題圖 / Nickie Zimov
我在你的眼睛我看到了你
在
在你的
在 你的 眼睛
我 在你的 眼睛
我 在你的 眼睛 我看到了你
我在你的 眼睛 我看到了星星
在你的眼睛 我看到了你
我在你的眼睛 我看到了星星
我在你的眼睛 我看到了你
我在 你的 眼睛
我
看到了你
我看到了自己
我看到了 光亮
作者 / 賴予喬 Yu Chiao
今天是婦女節,不可避免的要討論女性,大聲疾呼的權益,分裂的情感慾望,卓越的領導力,共情和構建更好的世界,這些都是女性的印記。作為女性意味著什麼,很難回答,”女性並不是一個分類,而是不同的範疇的多元的聚合體”。
與其去看別人描繪的意象,我更想讓大家直觀的感受女性面臨的矛盾、力量、黑暗與愛恨。女性可以浪漫又暴虐,脆弱又頑強,心中裝載細微的山河,混沌的時空,和戳破諸多謊言的力量。
最終將陪伴自己行走的,還是我們自己。
今天推薦給大家一首隻有一兩句的詩,這是一首客家方言創作的歌曲。它講述了一個幻滅的過程。
全篇主要的句子就是”我在你的眼睛,我看到了你”。
這句話,甚至是一個病句,但是它將女性的情感描繪得如此深入。先是停留在對方的眼睛,去探索和觸摸並且繼續挖掘,後來她是直接在對方的眼睛裡,”眼睛”就此成為了一個位置,一個可以承載整個人的窗口和場域,作為溝通、連接、渴望、發洩,或是作為觸碰、流連、失神、空無。這個過程中,逐漸看得更加清晰,將感情中的相知相逢,化約成一瞥。這個關注力是十分純粹的,愛的注視。接下來,又在眼睛中看到自己,一方面是愛的確切,一方面又是重新的自我重組和認知。
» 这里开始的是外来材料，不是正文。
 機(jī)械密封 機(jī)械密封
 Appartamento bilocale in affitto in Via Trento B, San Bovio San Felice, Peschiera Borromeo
這是一個前現代的浪漫愛的精確擬態,那種奉獻,瘋狂,迷戀,精神導向,在這樣的觀看過程中,人完成了對”他者”,對世界的探索。並且預設了在對方眼裡才能看到希望。
這一切很美,但都是過去的美好,隨著歌曲進展,我們會發現這些美好帶著危險和隱痛,最終在歌者的大聲吶喊中,我們發現那些美好的時光其實是一種回溯,而且是帶著壓抑和牢籠的回溯,最終歌者掙脫了這一切,但已經到了嗔痴的狀態,彷彿”我可以重新受害一次,也想重新在你的眼睛裡看到光”。這是在經歷創傷的時候,很隱秘的自毀衝動。
當時,那個愛還是很美好的。
——這是多少人午夜夢迴的遺憾。
這首歌,彷彿是”浪漫愛”本身,在奈何橋的最後留言。像是江湖再見,像是窮盡了全部的期待和痴狂。畢竟,不存在什麼拯救者,光亮是自己給的。
整個故事雖然是架空的,但是其實是每個女性的當代寓言。它描繪了我們每個人徹底”失望”的那個瞬間。作為直接的、炙熱的、現代的、嚮往愛的新女性,我們會和這個世界有多少隔閡呢。
朋友有一次談到愛情,說她的沮喪,她說:我希望被真的看到。
當我們提供上述那樣的,純粹的,炙熱的目光的時候,對方是否也能如此”看”呢。女性早已經成為新女性,渴望身與心靈的共振,渴望深入的談話和志趣相投,渴望琴瑟和鳴和伴著黃昏的夜晚的想念,也渴望彼此獨立,擁有自己的創造力,生活和思考。
對方是否能夠衝破一切刻板印象,去看到一個真實的人,而不是基於性別和慾望呢,對方是否能夠如此勇敢的,送出自己的目光並且保持探索的好奇呢,我們要遭遇多少盲目的”賞玩”,才能真切的擁有彼此目光灼灼的一幕呢。
當代的愛情危機,不僅僅是渣男帶來的,它是長期富有粘性和惰性的刻板印象,有毒的傳統,還有偷懶的共謀者們,一起打造的圍城,對人際關係採用模式化的複製生產,才能更大程度的複製麻木,那畢竟是人最脆弱,最敏感的一個部分啊。
我們本應該有千萬種相愛的方式。我們本該更莊重的對待自己的心靈和對方的眼睛。
希望渴望愛的朋友們,仍能衝破這些模式,去注視,去探索,去觸碰。我們這些末日年代的人們,也只能用坦誠的愛去對抗世界了。